Doorgaan naar inhoud

Doorgaan naar inhoudsopgave

’Heb tedere genegenheid voor elkaar’

’Heb tedere genegenheid voor elkaar’

Heb tedere genegenheid voor elkaar’

„Hebt in broederlijke liefde tedere genegenheid voor elkaar.” — ROMEINEN 12:10.

1, 2. Welke band hadden een hedendaagse zendeling en de apostel Paulus met hun broeders en zusters?

IN DE 43 jaar dat Don in het Verre Oosten als zendeling had gewerkt, had hij steeds bekendgestaan om de genegenheid die hij voelde voor degenen die hij diende. Nu hij vocht tegen de ziekte die hem uiteindelijk fataal zou worden, legden sommigen van zijn vroegere bijbelstudenten duizenden kilometers af om aan zijn bed te zeggen: „Kamsahamnida, kamsahamnida!” — „Dank je wel, dank je wel!” in het Koreaans. Dons tedere genegenheid had hun hart geraakt.

2 Dons voorbeeld is niet uniek. In de eerste eeuw uitte de apostel Paulus zijn diepe genegenheid voor degenen die hij diende. Paulus was opofferingsgezind. Hoewel hij er uitgesproken meningen op na hield, was hij ook vriendelijk en zorgzaam, „zoals wanneer een zogende moeder haar eigen kinderen koestert”. Hij schreef aan de gemeente in Thessalonika: „Daar wij . . . tedere genegenheid voor u hadden, hebben wij u gaarne niet alleen het goede nieuws van God meegedeeld, maar ook onze eigen ziel, want gij zijt ons lief geworden” (1 Thessalonicenzen 2:7, 8). Toen Paulus zijn broeders uit Efeze later vertelde dat ze hem niet meer zouden zien, barstte er „geween onder hen allen uit, en zij vielen Paulus om de hals en kusten hem teder” (Handelingen 20:25, 37). Het is duidelijk dat de band tussen Paulus en zijn broeders en zusters veel dieper ging dan een gemeenschappelijk geloof.
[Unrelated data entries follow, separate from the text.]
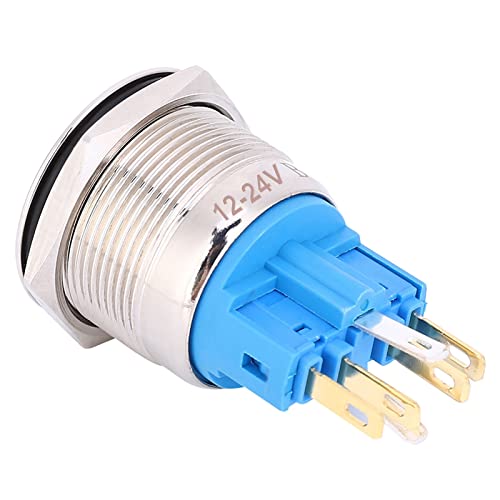 Drucktaster, 2 Stück Drucktaster DC 12–24 V 6-poliger Ring-Reset Edelstahl Drucktaster, Drucktaster für Elektronische Komponenten (Blau) von Garosa
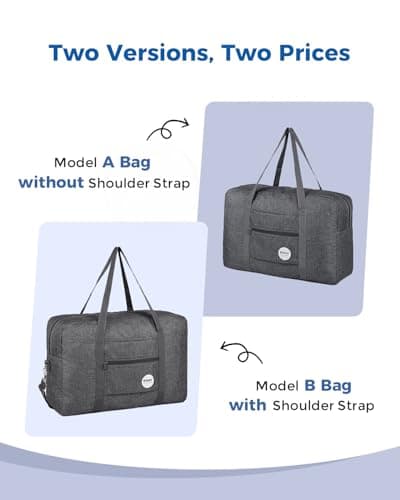 For Spirit Airlines Personal Item Bag 18x14x8 Travel Duffel Bag Underseat Foldable Carry-on Luggage for Women (B- Denim Grey) - Thumbnail 4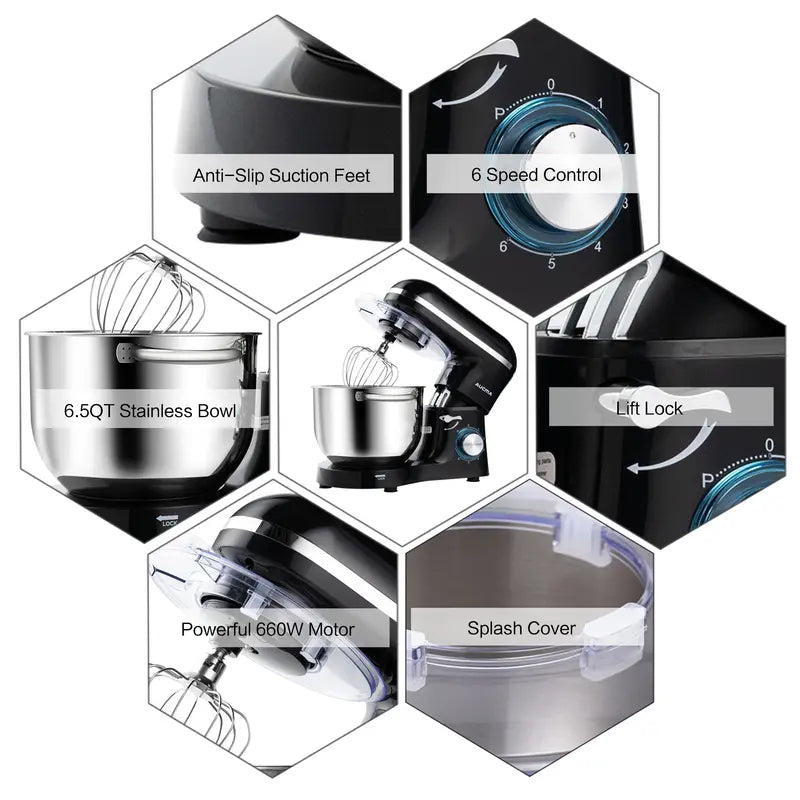 AUCMA 6.5QT Stand Mixer | 660W, 6-Speed, Tilt-Head, Electric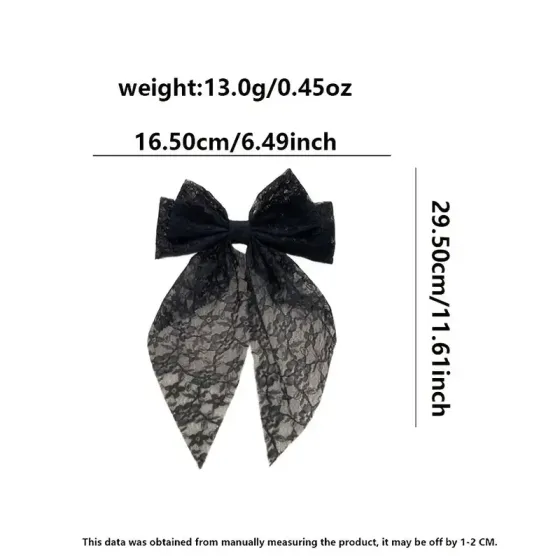 Набор 3 кружевных бантов для волос — черный/молочный/розовый, 16,5×29,5 см Киев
Ze hadden tedere genegenheid voor elkaar.

Tedere genegenheid en liefde

3. Welk verband bestaat er tussen de bijbelse termen voor genegenheid en liefde?

3 Tedere genegenheid, medegevoel en mededogen hangen in de bijbel allemaal nauw samen met de edelste christelijke eigenschap — liefde (1 Thessalonicenzen 2:8; 2 Petrus 1:7). Net als de facetten van een prachtige diamant vormen al deze goddelijke eigenschappen met elkaar een schitterend en evenwichtig geheel. Ze brengen christenen niet alleen nader tot elkaar maar ook nader tot hun hemelse Vader. Vandaar dat de apostel Paulus zijn geloofsgenoten aanspoorde: „Uw liefde zij zonder huichelarij. . . . Hebt in broederlijke liefde tedere genegenheid voor elkaar.” — Romeinen 12:9, 10.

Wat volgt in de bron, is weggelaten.